Given entries:
↓↓↓

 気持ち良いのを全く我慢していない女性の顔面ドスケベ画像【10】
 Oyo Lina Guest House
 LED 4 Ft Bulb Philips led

↑↑↑
↓↓↓

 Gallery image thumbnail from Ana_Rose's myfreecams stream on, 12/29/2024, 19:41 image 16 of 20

↑↑↑

What you need to do:
Both end lines included, restate word for word the lines above from the line with "気持ち良いのを全く我慢していない女性の顔面ドスケベ画像【10】" to the line with "LED 4 Ft Bulb Philips led", and nothing else.

Finished exercise:
 気持ち良いのを全く我慢していない女性の顔面ドスケベ画像【10】
 Oyo Lina Guest House
 LED 4 Ft Bulb Philips led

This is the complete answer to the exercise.